In arguing for the so-called “Paycheck Fairness Act,” one national group is calling out Texas for its supposed inequality.
“According to a recent analysis by the National Partnership, Texas women who work full time are paid just 80 cents for every dollar paid to men, amounting to a difference of $8,355 each year,” claims Debra Ness of the National Partnership for Women & Families. “Women of color experience even greater disparities: African American women in Texas are paid just 76 cents for every dollar paid to all men ($10,017 less per year), and Latinas are paid just 58 cents for every dollar paid to all men ($17,851 less per year).”
She does an admirable job of putting these figures into terms many can relate to.
“Our analysis shows that if the wage gap were eliminated, an employed woman in Texas would have enough money each year for approximately: 77 more weeks of food (1.5 years’ worth); six more months of mortgage and utilities payments; 10 more months of rent; 22 more months of family health insurance premiums (1.9 years’ worth); or 2,178 additional gallons of gas,” she contends.

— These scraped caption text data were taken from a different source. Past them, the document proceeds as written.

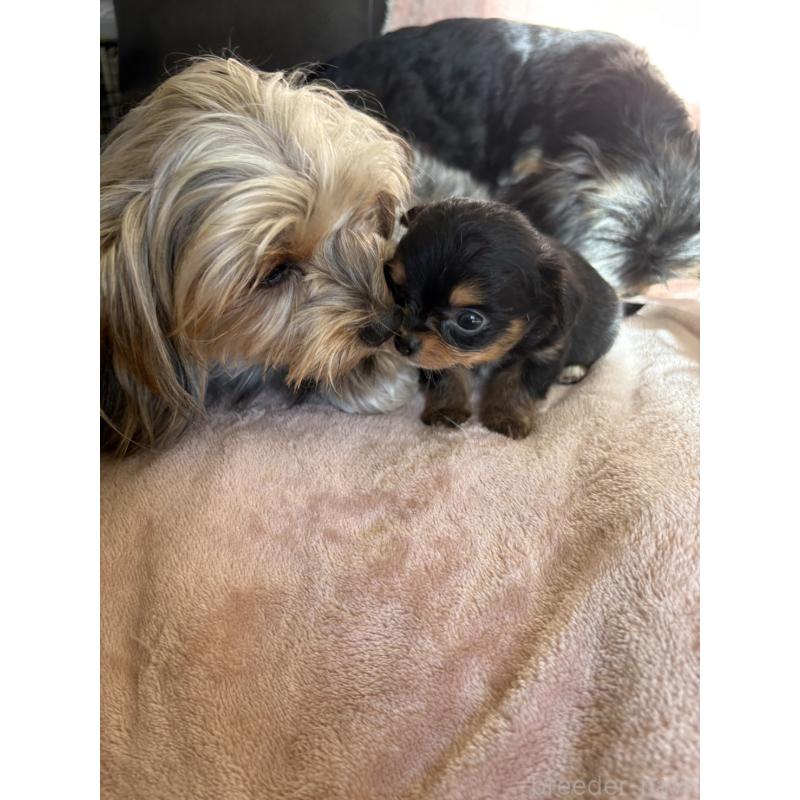 販売中の静岡県のヨーチー:ヨークシャーテリア×チワワ-425193の10枚目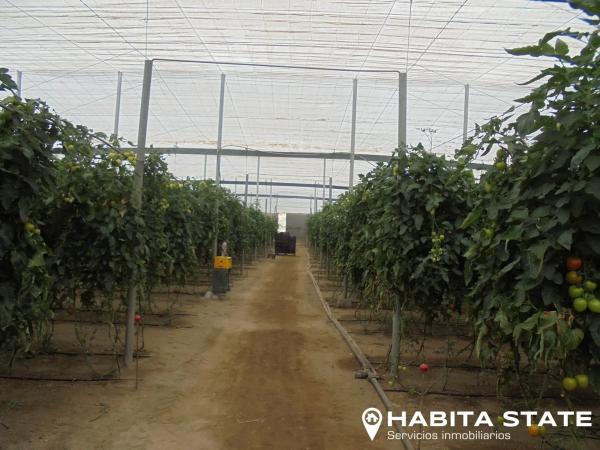 Terreno en Pago de Ojeda s/n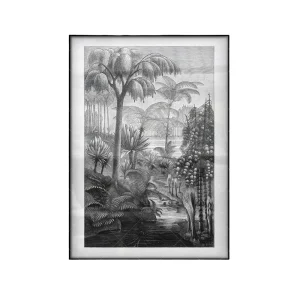 Affiche Jungle Noir et Blanc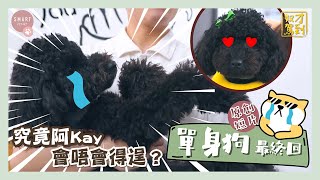 【奴才駕到節目】原創短片 - 《單身狗》最終回｜究竟Kay會唔會得逞？｜Smart Pet Pet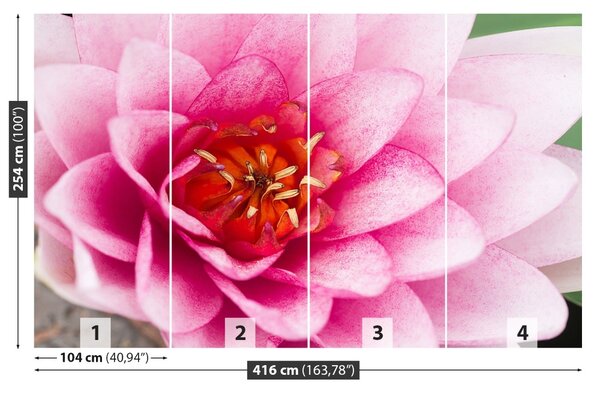 Fototapet Floare de lotus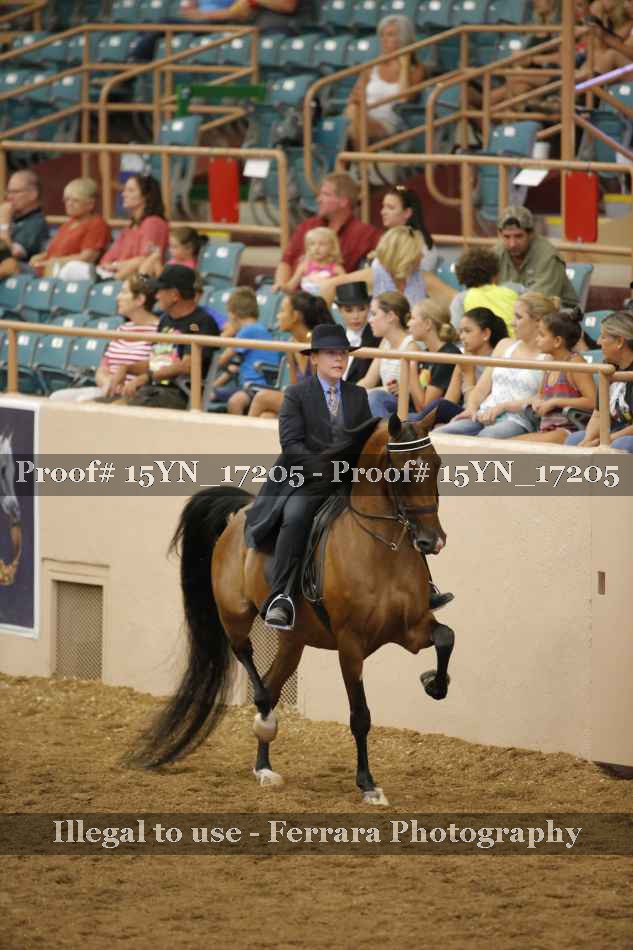 Proof 15YN_17205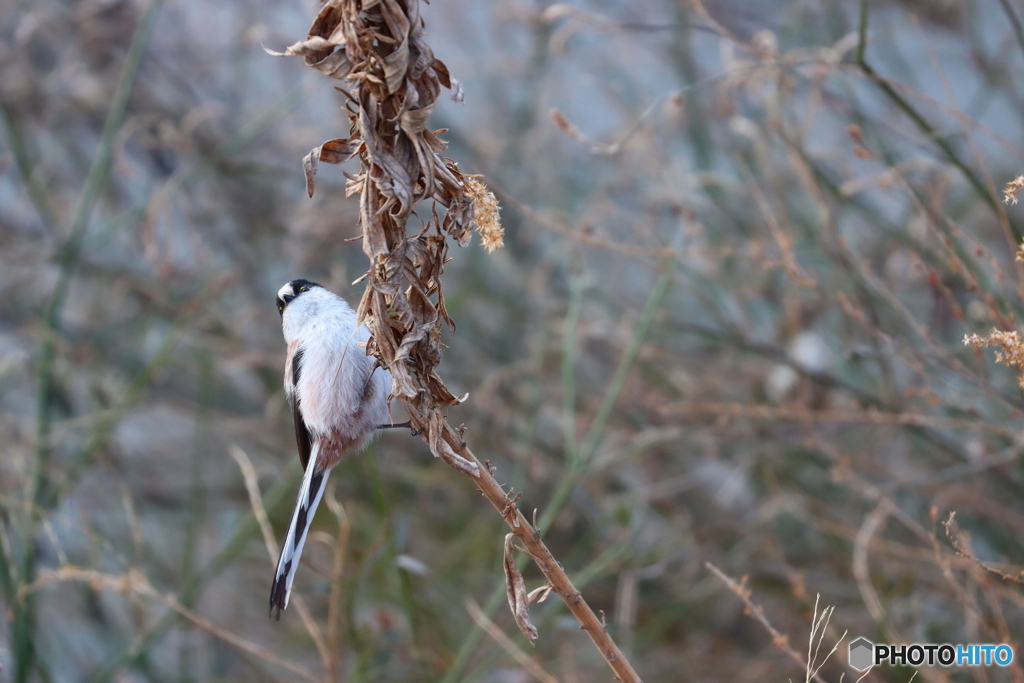 野鳥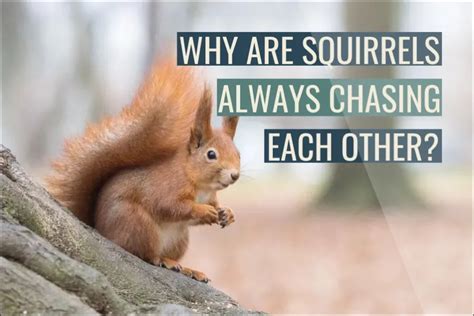 Does Running Downhill Make You Faster? And Why Do Squirrels Always Win the Race?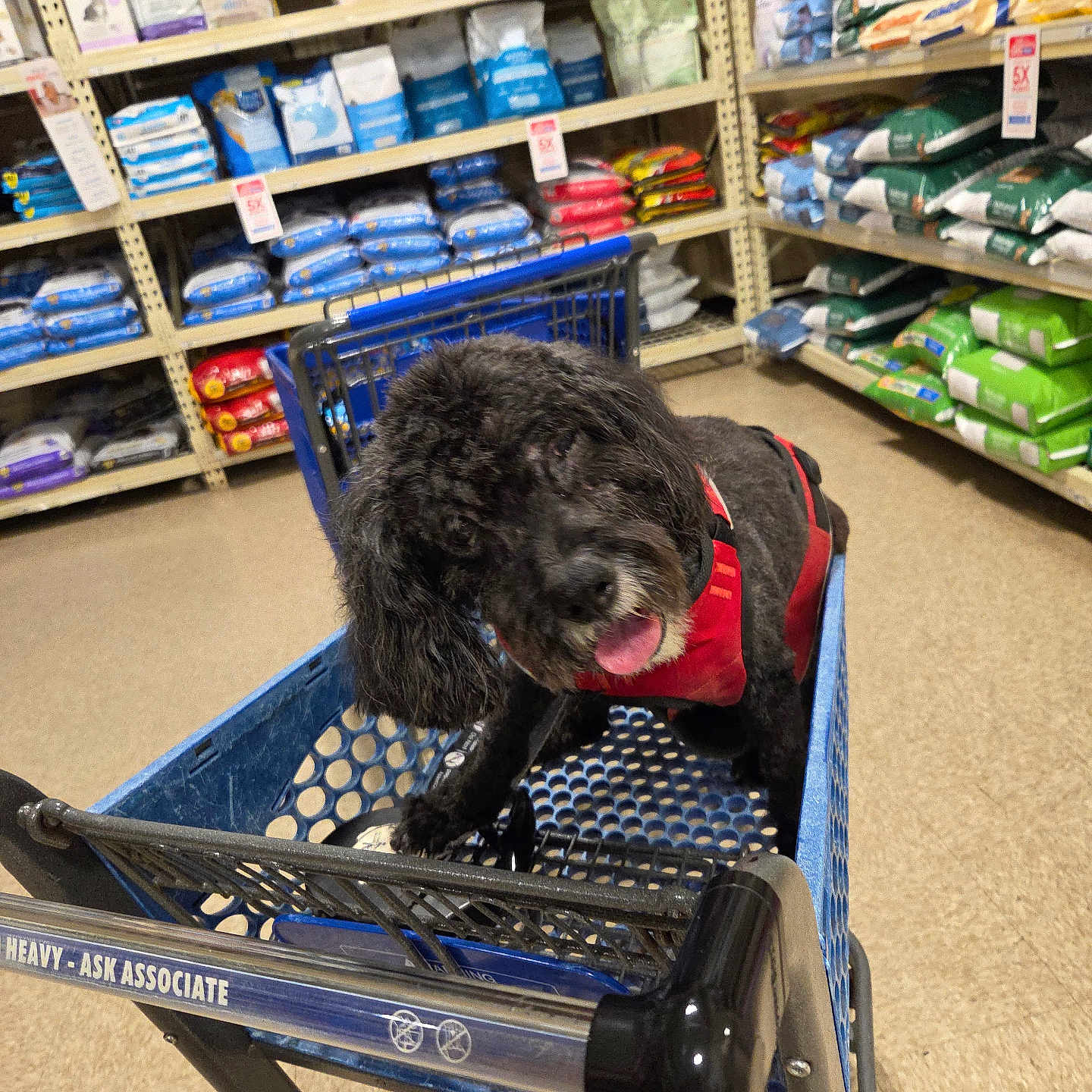 Jordon is registered to the contest to win money with this photo: animal, bags, black_dog, dog, floor, happy, harness, indoor, litter, pet, pet_food, pet_store, plastic_cart, playful, retail, shelves, shopping, shopping_cart, store_aisle, tongue_out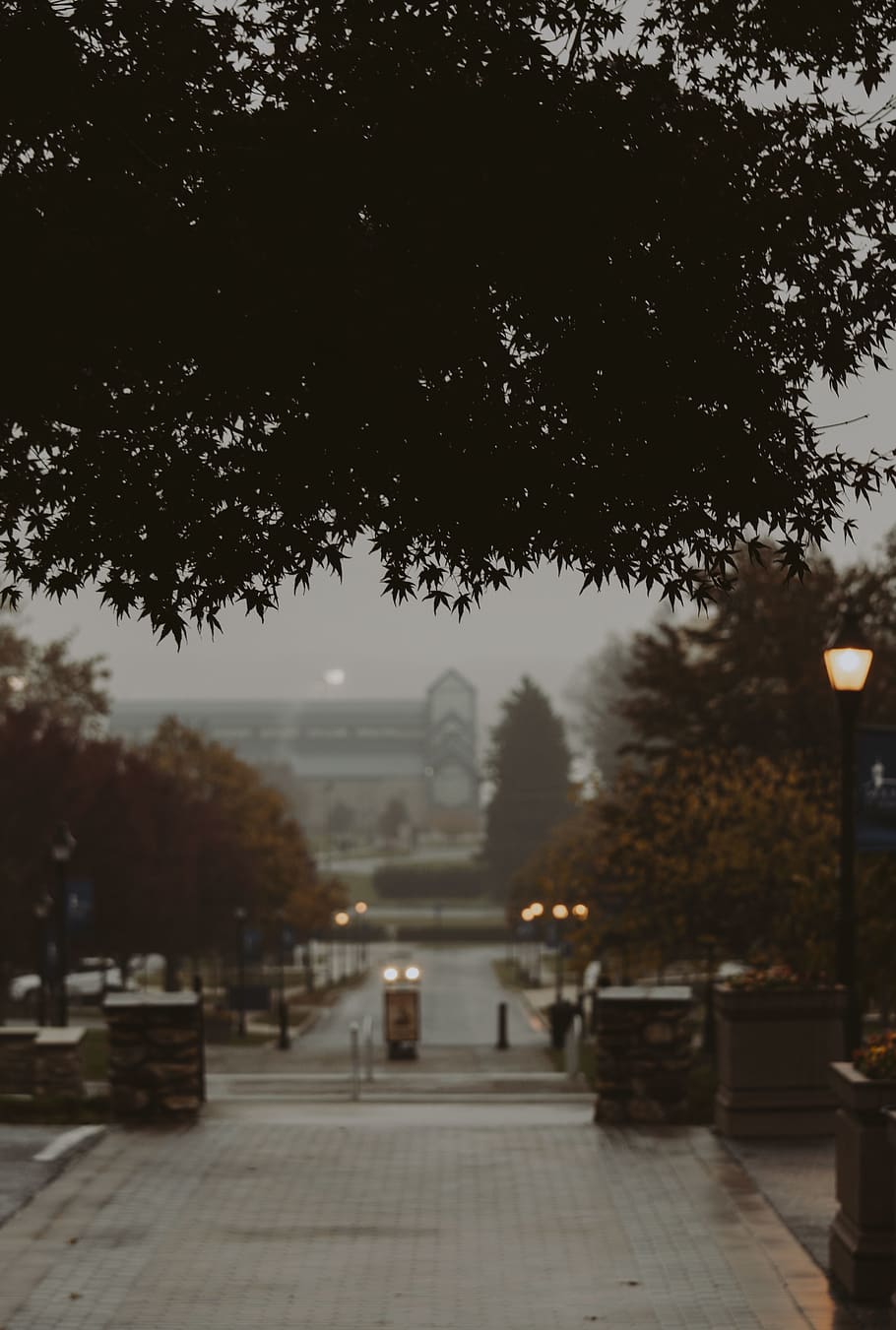 trees, rain, light, plant, the way forward, direction, architecture HD wallpaper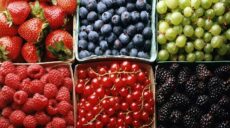Сколько стоят ягоды и почему на них такие высокие цены в Харькове – мэрия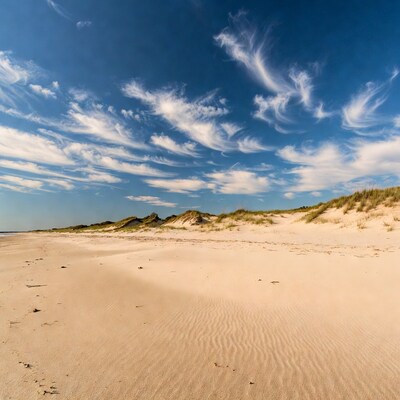Sandy beach with dunes and blue sky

But wait. America already has laws ensuring women receive equal pay. One of those laws is the Lilly Ledbetter Act, the very first piece of legislation President Barack Obama signed when he took office.
“It is fitting that with the very first bill I sign — the Lilly Ledbetter Fair Pay Act — we are upholding one of this nation’s first principles: that we are all created equal and each deserve a chance to pursue our own version of happiness,” he said on Jan. 29, 2009.
He continued to praise the law (and himself) for months afterwards.
“We passed the Lilly Ledbetter Fair Pay Act — the first bill I signed — so that equal pay for equal work is a reality all across this country,” Obama said in June 2009.
And in 2011, he said “Change is the very first bill I signed, the Lilly Ledbetter Fair Pay Act, which says in this country an equal day’s work gets an equal day’s pay.”
There’s also the Equal Pay Act of 1963, which also outlaws unequal pay.
Even the Department of Labor warns that the issue isn’t as clear-cut as the Democrats portray it; there are reasons for any apparent “paycheck gap.”
A study in 2007 showed that for example, more men have blue-collar, hourly jobs that pay overtime; women predominate in white-collar, salary jobs that don’t.
The study reached the “unambiguous conclusion that the differences in the compensation of men and women are the result of a multitude of factors and that the raw wage gap should not be used as the basis to justify corrective action. Indeed, there may be nothing to correct.”
What’s more, the Democrats are particularly vulnerable on this issue — because they’re not immune to those same factors.
“A group of Democratic female senators on Wednesday declared war on the so-called ‘gender pay gap,’ urging their colleagues to pass the aptly named Paycheck Fairness Act when Congress returns from recess next month. However, a substantial gender pay gap exists in their own offices, a Washington Free Beacon analysis of Senate salary data reveals,” that newspaper reported last week.
The “war on women” mantra is getting old. And it’s simply not true.